Media and Technology (Reading 10)

The last fake news article I remember encountering on Facebook was, ironically, about Facebook itself. My mother actually posted it on my wall. It was a short article about the Facebook AI labs. Headlined with a picture of a tall white robot, the article reported on a failed language-generation experiment in their research lab. The picture, of course, had nothing to do with Facebook’s AI labs; I actually traced it to a tech booth hosted by TOSY, a Vietnamese robotic toy company. The article itself does not appear to make any false claims. It says that the Facebook AI research lab had to shut down their experiment when two bots starting developing their own idiosyncrasies of language generation, in a way “making their own language.” That is what happened, but coupled with the picture and the language that two AI’s were communicating in their own, invented form, the clear implication was that we had terminator bots secretly communicating. The researchers for Facebook, I have heard, were quite upset about this post, but somehow it stayed up on their own website.

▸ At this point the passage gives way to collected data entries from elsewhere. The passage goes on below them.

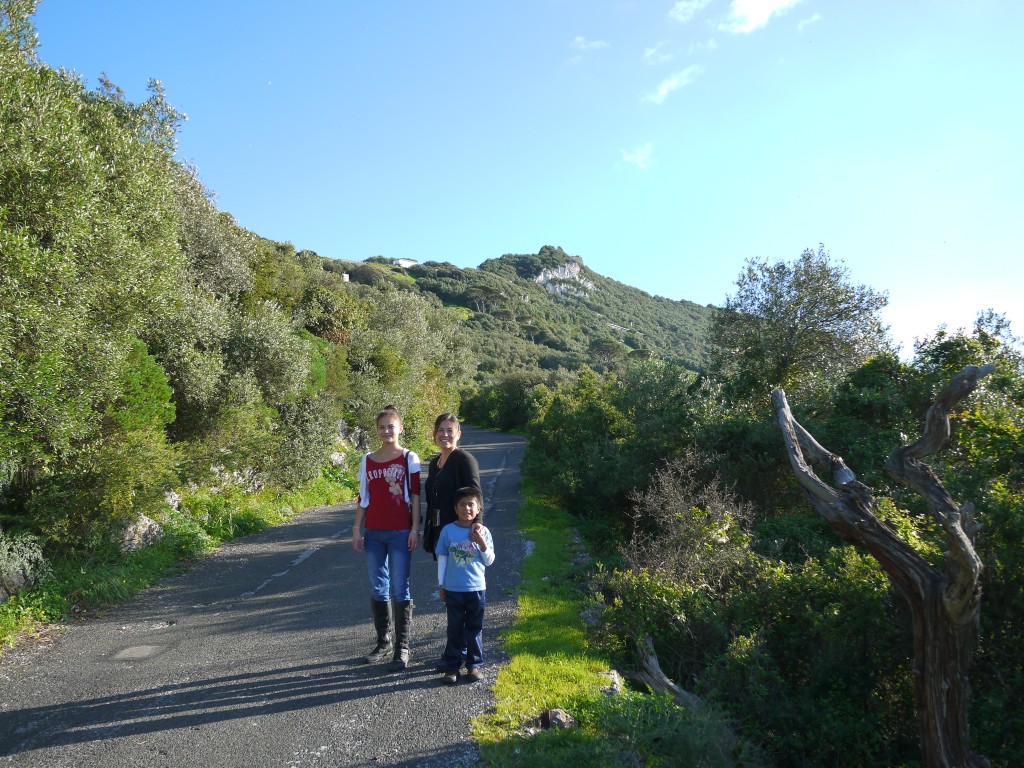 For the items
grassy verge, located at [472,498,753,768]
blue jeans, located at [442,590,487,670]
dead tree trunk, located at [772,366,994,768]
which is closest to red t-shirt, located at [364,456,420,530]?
blue jeans, located at [442,590,487,670]

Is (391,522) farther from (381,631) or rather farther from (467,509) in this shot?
(381,631)

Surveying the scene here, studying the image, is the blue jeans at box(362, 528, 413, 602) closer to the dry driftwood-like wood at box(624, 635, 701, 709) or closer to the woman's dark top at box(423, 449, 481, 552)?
the woman's dark top at box(423, 449, 481, 552)

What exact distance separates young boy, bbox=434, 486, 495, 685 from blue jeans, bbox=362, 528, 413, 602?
14.2 inches

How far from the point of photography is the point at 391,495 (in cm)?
509

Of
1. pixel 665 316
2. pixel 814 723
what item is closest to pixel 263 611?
pixel 814 723

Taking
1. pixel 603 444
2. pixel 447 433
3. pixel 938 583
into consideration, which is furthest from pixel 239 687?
pixel 603 444

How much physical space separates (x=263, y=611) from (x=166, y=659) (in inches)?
61.0

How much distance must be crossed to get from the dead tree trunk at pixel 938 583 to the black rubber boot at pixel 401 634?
371cm

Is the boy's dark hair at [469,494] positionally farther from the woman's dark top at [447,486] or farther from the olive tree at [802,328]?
the olive tree at [802,328]

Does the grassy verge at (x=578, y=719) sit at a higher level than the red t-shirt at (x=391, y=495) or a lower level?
lower

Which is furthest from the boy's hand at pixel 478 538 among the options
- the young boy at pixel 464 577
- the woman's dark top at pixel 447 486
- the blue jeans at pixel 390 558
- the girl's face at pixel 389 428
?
the girl's face at pixel 389 428

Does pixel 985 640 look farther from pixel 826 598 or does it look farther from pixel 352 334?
pixel 352 334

This incident does reinforce that Mark Zuckerberg’s claim that Facebook is a technology company, and not a media company. No matter how their image might be distorted by the wild media conglomerate they created, they are making major advances in AI and other technologies. Still, as ambitious and innovative as their research might be, what purpose would it serve without consumption of media that channels so many advertising dollars towards them. As indifferent as they might to the content of the media, they would not create any technology without it. All this consumption and dissemination of media has become a bit like the material layer of production that underlies the superstructure of capitalist ideology. Supposedly not a matter of concern for the capitalist elites, but actually crucial for their way of existence.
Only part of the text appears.